5. Il résulte de tout ce qui précède que la société Distribution Chiki n'est pas fondée à soutenir que c'est à tort que, par le jugement attaqué, le tribunal administratif de Paris a rejeté sa demande tendant à l'annulation de la décision du 10 juin 2021 par laquelle le directeur général de l'Office français de l'immigration et de l'intégration a rejeté le recours gracieux formé contre la décision du 24 mars 2021 mettant à sa charge la contribution spéciale pour un montant de 73 000 euros ainsi que la contribution forfaitaire représentative des frais de réacheminement, pour un montant de 8 496 euros. Les conclusions de sa requête d'appel tendant à la réduction des contributions mises à sa charge et aux fins d'injonction ne peuvent, par suite, qu'être rejetées.

Sur les frais liés à l'instance :

6. L'OFII n'étant pas la partie perdante à l'instance, les dispositions de l'article L. 761-1 du code de justice administrative font obstacle à ce que soit mis à sa charge la somme demandée par la société Distribution Chiki au titre de ces dispositions. En revanche, il y a lieu, dans les circonstances de l'espèce, de mettre à la charge de la société Distribution Chiki la somme de 2 000 euros à verser à l'OFII sur le fondement des mêmes dispositions.

D É C I D E :

Article 1er : La requête de la société Distribution Chiki est rejetée.

Article 2 : La société Distribution Chiki versera à l'Office français de l'immigration et de l'intégration la somme de 2 000 euros sur le fondement de l'article L. 761-1 du code de justice administrative.
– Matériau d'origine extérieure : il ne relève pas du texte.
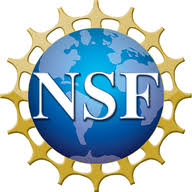 Logo The National Science Foundation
Article 3 : Le présent arrêt sera notifié à la société Distribution Chiki, et à l'Office français de l'immigration et de l'intégration.

Délibéré après l'audience du 5 février 2024, à laquelle siégeaient :

- Mme Menasseyre, présidente,

- Mme Vrignon-Villalba, présidente assesseure,

- Mme Collet, première conseillère.

Rendu public par mise à disposition au greffe, le 4 mars 2024.

La rapporteure,

A. COLLET La présidente,

A. MENASSEYRE

Le greffier,

P. TISSERAND

La République mande et ordonne au ministre de l'intérieur et des outre-mer en ce qui le concerne ou à tous commissaires de justice à ce requis en ce qui concerne les voies de droit commun contre les parties privées, de pourvoir à l'exécution de la présente décision.

2

N° 23PA02368


Synthèse
Tribunal : Cour administrative d'appel de PARIS
Formation : 8ème chambre
Numéro d'arrêt : 23PA02368
Date de la décision : 04/03/2024
Type de recours : Excès de pouvoir

Composition du Tribunal
Président : Mme MENASSEYRE
Rapporteur ?: Mme Aude COLLET
Rapporteur public ?: Mme BERNARD
Avocat(s) : LEXGLOBE

Origine de la décision
Date de l'import : 10/03/2024
Fonds documentaire ?: Legifrance
Identifiant URN:LEX : urn:lex;fr;cour.administrative.appel;arret;2024-03-04;23pa02368 ?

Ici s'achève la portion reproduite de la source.